• _TASK BRIEF_
Lines from the one containing "Fourth view of" through the final line of the data, restated word for word and free of pictures, make up the whole answer.

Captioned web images

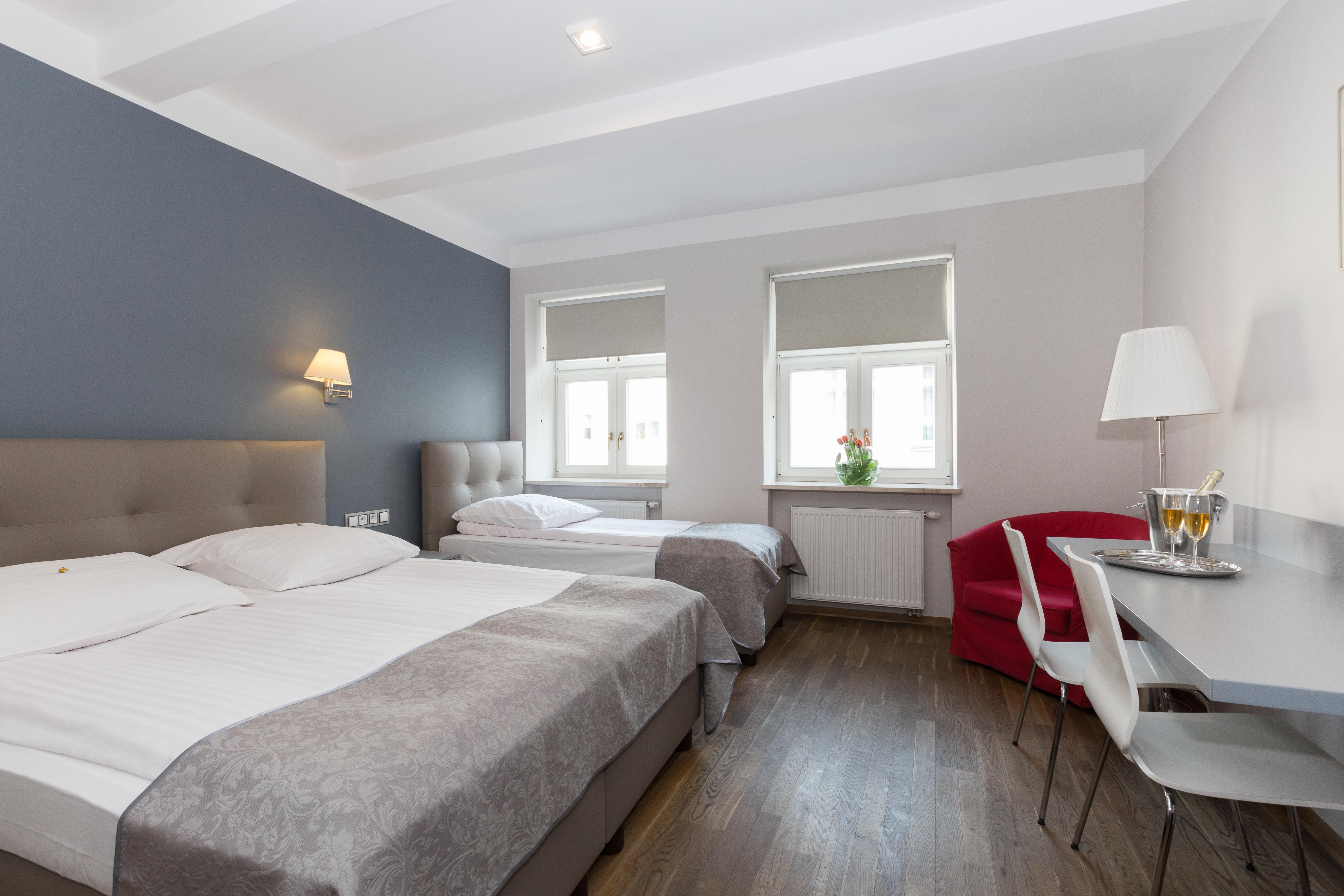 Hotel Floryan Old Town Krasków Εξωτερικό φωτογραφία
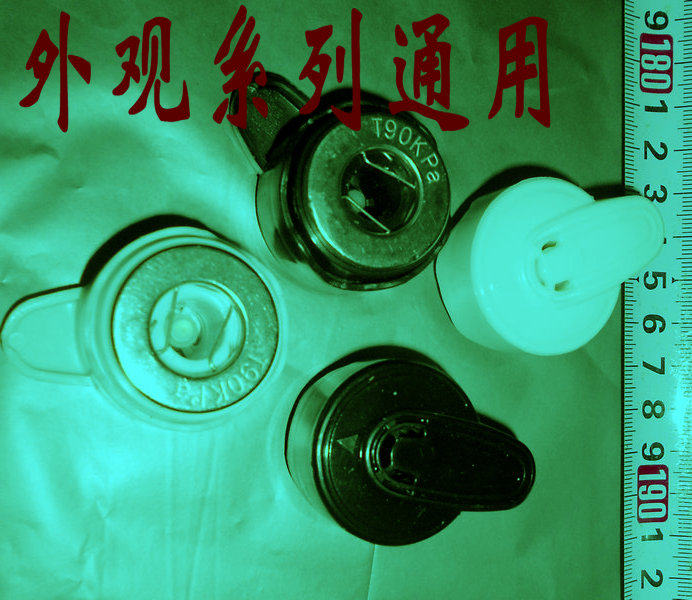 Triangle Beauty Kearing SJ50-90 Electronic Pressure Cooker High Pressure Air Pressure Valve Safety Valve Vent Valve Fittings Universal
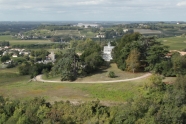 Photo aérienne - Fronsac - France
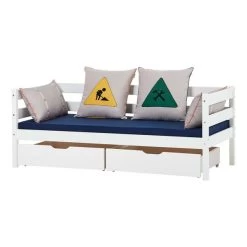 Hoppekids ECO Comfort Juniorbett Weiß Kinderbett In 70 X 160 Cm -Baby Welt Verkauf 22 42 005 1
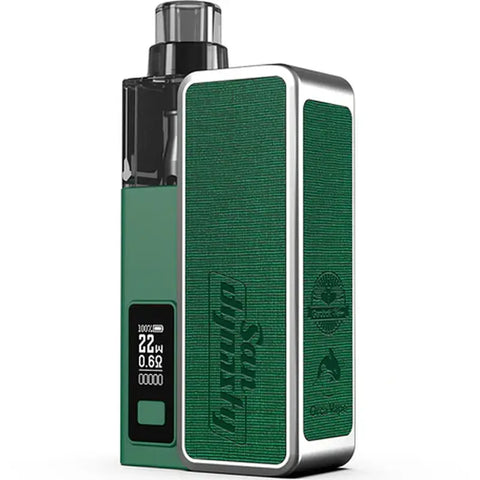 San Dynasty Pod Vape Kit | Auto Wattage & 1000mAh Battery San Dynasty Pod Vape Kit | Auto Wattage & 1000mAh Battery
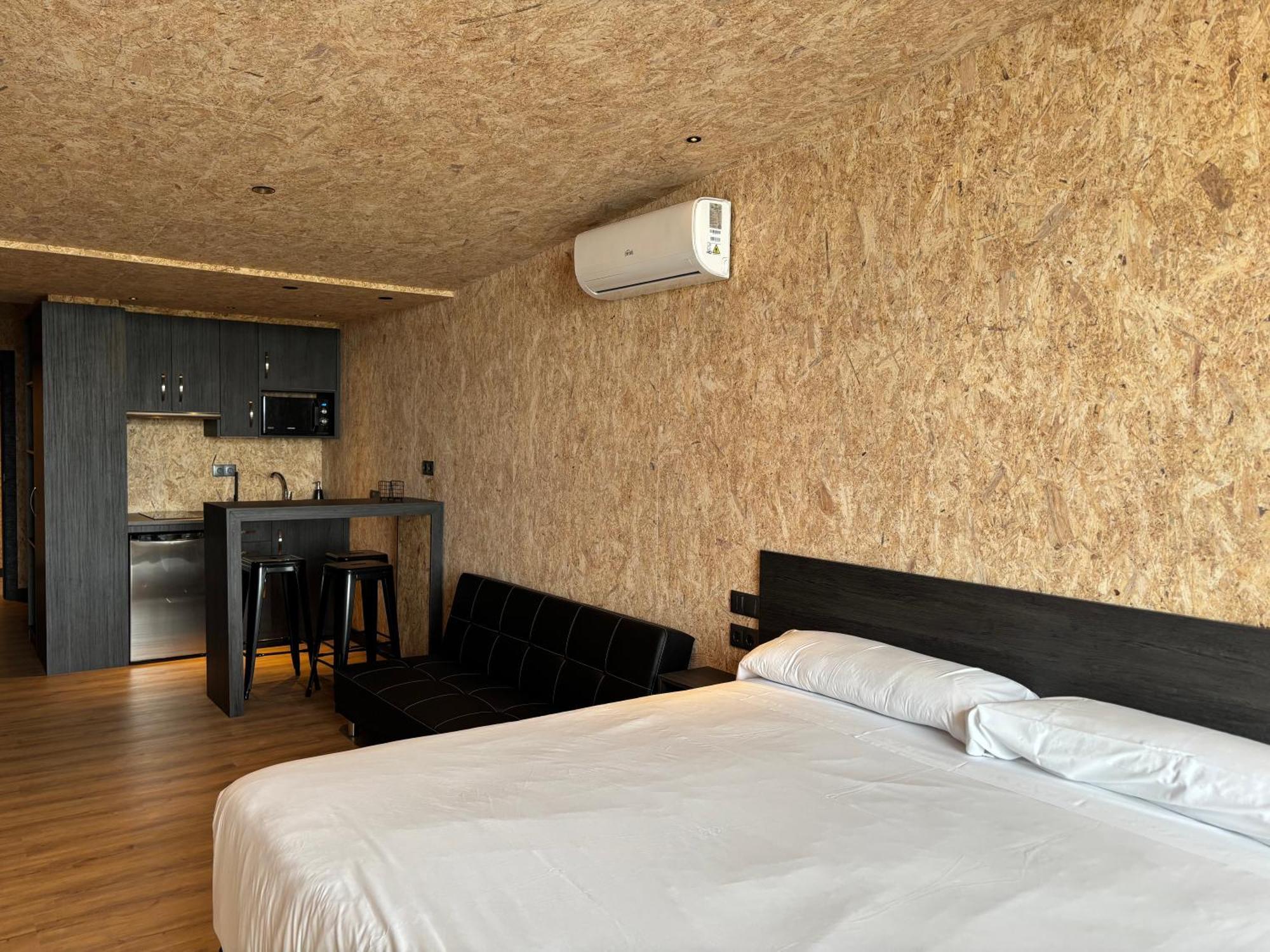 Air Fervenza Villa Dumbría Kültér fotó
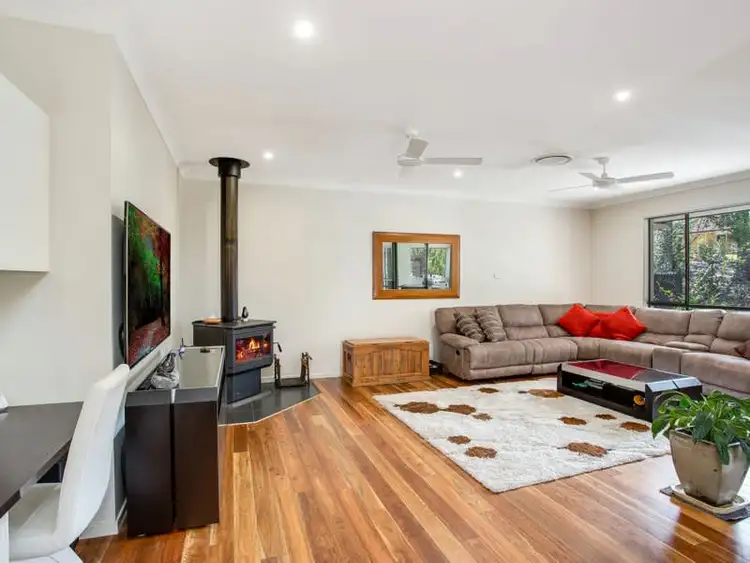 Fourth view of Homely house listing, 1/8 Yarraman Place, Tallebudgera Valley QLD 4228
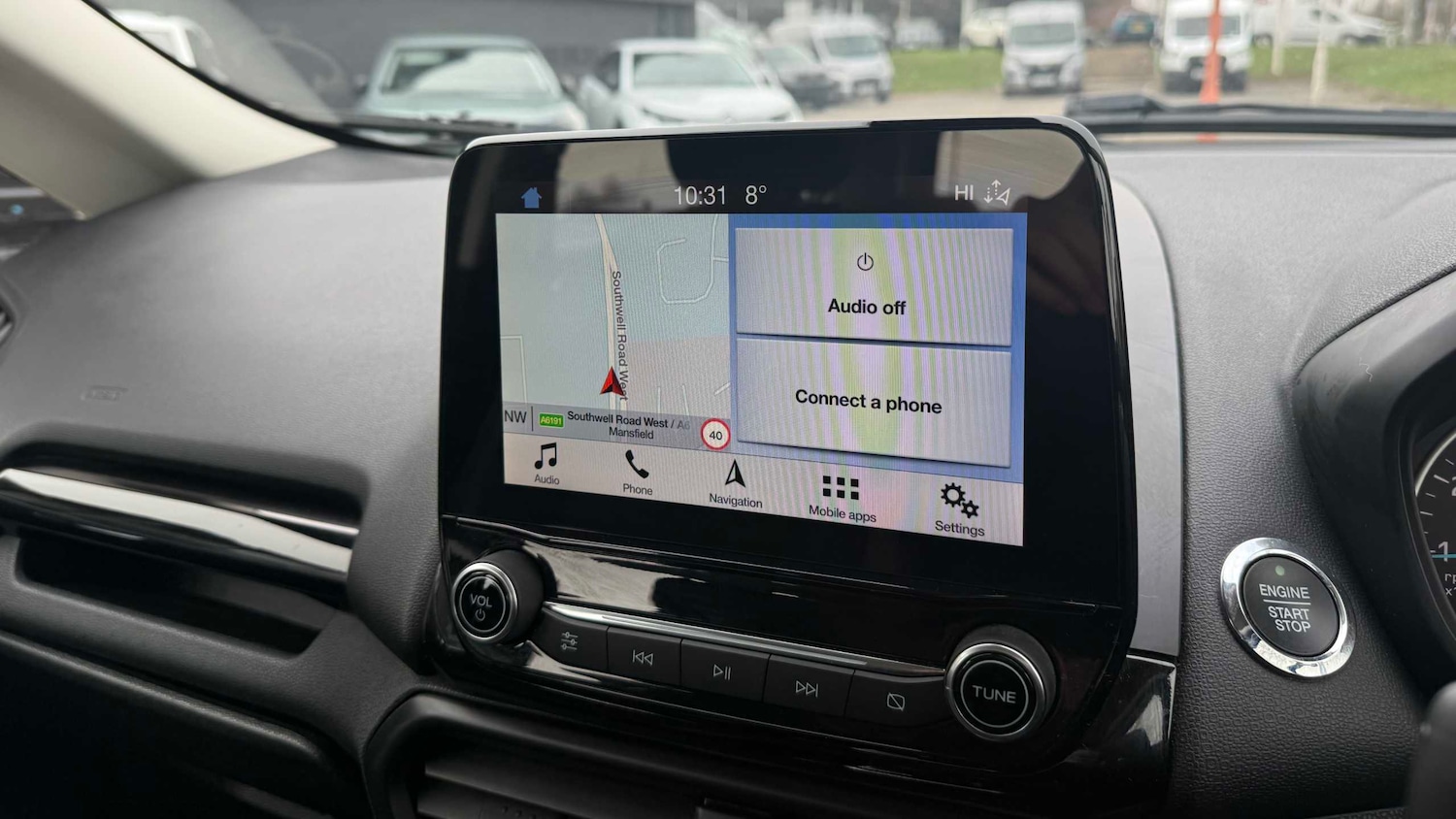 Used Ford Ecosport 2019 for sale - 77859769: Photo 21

• _ANSWER TO THE EXERCISE_
 Fourth view of Homely house listing, 1/8 Yarraman Place, Tallebudgera Valley QLD 4228
 Used Ford Ecosport 2019 for sale - 77859769: Photo 21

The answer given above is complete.